- **Dataset records**
★ ★ ★
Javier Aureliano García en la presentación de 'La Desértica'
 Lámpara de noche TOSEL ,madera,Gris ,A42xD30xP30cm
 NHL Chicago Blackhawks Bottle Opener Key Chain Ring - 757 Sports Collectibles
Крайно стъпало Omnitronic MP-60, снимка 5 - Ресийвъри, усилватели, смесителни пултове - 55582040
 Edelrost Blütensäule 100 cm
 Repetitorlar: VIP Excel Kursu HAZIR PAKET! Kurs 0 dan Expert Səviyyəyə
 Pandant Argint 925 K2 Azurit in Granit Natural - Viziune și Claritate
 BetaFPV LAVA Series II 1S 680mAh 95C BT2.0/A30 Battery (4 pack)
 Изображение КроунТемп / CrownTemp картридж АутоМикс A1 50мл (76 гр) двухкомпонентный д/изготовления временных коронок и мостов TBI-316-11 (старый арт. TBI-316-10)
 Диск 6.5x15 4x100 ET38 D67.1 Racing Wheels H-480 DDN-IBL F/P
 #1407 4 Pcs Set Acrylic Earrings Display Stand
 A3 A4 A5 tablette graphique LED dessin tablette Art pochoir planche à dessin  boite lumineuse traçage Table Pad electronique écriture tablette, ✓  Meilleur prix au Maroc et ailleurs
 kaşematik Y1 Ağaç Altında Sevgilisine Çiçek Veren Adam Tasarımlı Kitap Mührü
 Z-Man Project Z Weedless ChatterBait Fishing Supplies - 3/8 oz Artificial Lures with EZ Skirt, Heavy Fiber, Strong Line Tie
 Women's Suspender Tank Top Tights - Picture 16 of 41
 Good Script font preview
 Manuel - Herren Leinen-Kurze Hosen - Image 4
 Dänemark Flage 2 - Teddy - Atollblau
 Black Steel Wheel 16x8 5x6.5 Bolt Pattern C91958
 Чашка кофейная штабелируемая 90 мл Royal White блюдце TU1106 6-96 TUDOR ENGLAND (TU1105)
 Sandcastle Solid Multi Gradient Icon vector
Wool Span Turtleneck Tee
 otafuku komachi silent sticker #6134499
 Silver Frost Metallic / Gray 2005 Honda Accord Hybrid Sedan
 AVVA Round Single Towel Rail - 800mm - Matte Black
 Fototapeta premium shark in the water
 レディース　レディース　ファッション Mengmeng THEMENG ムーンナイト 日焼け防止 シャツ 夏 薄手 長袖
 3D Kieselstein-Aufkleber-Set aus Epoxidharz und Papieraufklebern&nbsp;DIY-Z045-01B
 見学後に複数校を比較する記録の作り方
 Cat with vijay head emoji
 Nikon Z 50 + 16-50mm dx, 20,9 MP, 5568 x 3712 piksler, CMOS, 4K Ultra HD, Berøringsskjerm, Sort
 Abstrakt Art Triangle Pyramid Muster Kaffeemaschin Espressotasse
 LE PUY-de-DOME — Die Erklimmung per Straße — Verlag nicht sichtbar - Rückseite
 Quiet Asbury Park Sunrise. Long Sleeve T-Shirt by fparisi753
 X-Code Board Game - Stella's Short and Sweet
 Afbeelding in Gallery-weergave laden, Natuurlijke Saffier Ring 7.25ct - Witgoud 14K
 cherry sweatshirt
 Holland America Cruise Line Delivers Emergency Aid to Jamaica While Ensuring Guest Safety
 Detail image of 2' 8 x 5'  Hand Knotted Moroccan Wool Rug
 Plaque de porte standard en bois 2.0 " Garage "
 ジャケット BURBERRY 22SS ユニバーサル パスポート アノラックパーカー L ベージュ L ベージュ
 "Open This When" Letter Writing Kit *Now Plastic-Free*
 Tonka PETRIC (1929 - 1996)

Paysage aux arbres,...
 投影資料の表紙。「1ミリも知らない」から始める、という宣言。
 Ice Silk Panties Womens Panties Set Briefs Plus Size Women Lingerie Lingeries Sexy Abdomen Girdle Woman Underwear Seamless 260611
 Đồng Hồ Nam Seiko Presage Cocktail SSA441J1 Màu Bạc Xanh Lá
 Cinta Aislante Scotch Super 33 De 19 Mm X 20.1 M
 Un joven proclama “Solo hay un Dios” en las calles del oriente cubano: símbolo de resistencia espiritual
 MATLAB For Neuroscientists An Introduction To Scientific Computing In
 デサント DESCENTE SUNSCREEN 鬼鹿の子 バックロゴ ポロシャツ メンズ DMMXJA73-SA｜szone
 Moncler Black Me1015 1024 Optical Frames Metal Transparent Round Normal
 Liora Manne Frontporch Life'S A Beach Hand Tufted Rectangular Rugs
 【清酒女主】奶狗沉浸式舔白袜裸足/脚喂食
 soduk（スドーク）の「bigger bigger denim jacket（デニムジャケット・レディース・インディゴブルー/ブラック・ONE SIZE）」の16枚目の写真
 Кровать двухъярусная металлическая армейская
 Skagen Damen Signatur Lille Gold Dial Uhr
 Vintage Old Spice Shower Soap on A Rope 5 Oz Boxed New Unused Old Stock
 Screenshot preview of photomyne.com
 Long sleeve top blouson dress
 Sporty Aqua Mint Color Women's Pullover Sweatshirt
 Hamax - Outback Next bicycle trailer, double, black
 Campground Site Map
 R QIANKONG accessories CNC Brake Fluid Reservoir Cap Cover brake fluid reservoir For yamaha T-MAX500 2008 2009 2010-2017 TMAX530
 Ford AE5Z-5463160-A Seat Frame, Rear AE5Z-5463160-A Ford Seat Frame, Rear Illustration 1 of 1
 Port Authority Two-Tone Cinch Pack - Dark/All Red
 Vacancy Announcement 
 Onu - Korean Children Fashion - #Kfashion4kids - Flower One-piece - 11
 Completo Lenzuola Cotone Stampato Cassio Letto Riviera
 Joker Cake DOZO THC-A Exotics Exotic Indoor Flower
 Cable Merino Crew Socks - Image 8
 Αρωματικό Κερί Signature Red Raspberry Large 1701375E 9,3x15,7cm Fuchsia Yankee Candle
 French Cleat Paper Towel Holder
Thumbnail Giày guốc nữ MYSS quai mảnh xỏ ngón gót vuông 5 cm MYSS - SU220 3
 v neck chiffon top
★ ★ ★
- **Work task**
Within the listing above, extract exactly the lines from the line with "Moncler Black Me1015" to the line with "Vacancy Announcement", the two named lines included, and no others.

- **Solved problem**
 Moncler Black Me1015 1024 Optical Frames Metal Transparent Round Normal
 Liora Manne Frontporch Life'S A Beach Hand Tufted Rectangular Rugs
 【清酒女主】奶狗沉浸式舔白袜裸足/脚喂食
 soduk（スドーク）の「bigger bigger denim jacket（デニムジャケット・レディース・インディゴブルー/ブラック・ONE SIZE）」の16枚目の写真
 Кровать двухъярусная металлическая армейская
 Skagen Damen Signatur Lille Gold Dial Uhr
 Vintage Old Spice Shower Soap on A Rope 5 Oz Boxed New Unused Old Stock
 Screenshot preview of photomyne.com
 Long sleeve top blouson dress
 Sporty Aqua Mint Color Women's Pullover Sweatshirt
 Hamax - Outback Next bicycle trailer, double, black
 Campground Site Map
 R QIANKONG accessories CNC Brake Fluid Reservoir Cap Cover brake fluid reservoir For yamaha T-MAX500 2008 2009 2010-2017 TMAX530
 Ford AE5Z-5463160-A Seat Frame, Rear AE5Z-5463160-A Ford Seat Frame, Rear Illustration 1 of 1
 Port Authority Two-Tone Cinch Pack - Dark/All Red
 Vacancy Announcement 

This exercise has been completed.